**HOW TO COMPLETE THIS TASK:**
Take the entries below and print, exactly, the stretch from the line containing "Convertible Monogram Backpack" through the line containing "Print Slip Dress - Image 4", both included.

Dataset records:
------
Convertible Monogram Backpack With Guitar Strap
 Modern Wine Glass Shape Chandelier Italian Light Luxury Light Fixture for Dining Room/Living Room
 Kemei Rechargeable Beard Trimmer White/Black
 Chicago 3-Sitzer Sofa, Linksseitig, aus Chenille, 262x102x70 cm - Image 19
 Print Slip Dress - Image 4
------
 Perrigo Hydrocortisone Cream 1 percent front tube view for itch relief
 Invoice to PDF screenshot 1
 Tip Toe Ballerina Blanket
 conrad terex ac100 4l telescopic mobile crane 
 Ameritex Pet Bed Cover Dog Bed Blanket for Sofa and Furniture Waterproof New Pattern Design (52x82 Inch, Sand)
------
**EXERCISE RESPONSE:**
Convertible Monogram Backpack With Guitar Strap
 Modern Wine Glass Shape Chandelier Italian Light Luxury Light Fixture for Dining Room/Living Room
 Kemei Rechargeable Beard Trimmer White/Black
 Chicago 3-Sitzer Sofa, Linksseitig, aus Chenille, 262x102x70 cm - Image 19
 Print Slip Dress - Image 4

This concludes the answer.